— DATA SECTION —
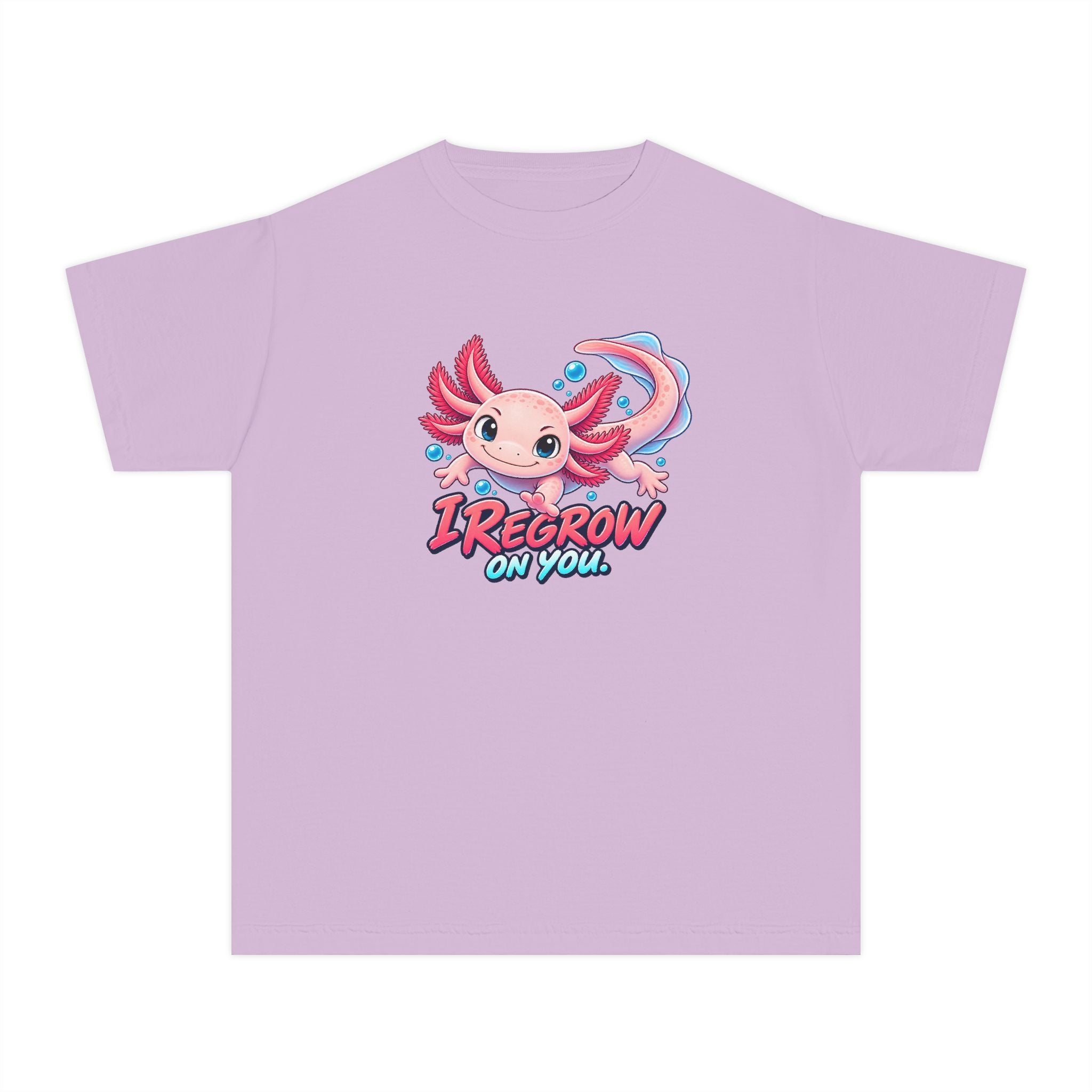 Youth Midweight Cotton Tee - Axolotl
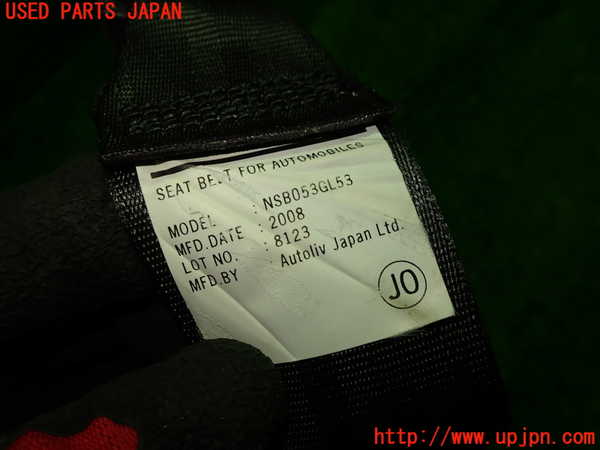 1UPJ-9237747185]アコード ユーロR(CL7)左2列目シートベルト 中古_2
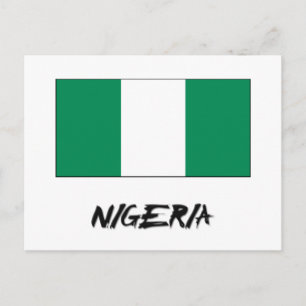 Nigeriaanse vlag briefkaart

— EXERCISE —
All the lines above need to be repeated exactly, with no pictures carried over.

— ANSWER TO THIS PROBLEM —
 Youth Midweight Cotton Tee - Axolotl
 1UPJ-9237747185]アコード ユーロR(CL7)左2列目シートベルト 中古_2
 Nigeriaanse vlag briefkaart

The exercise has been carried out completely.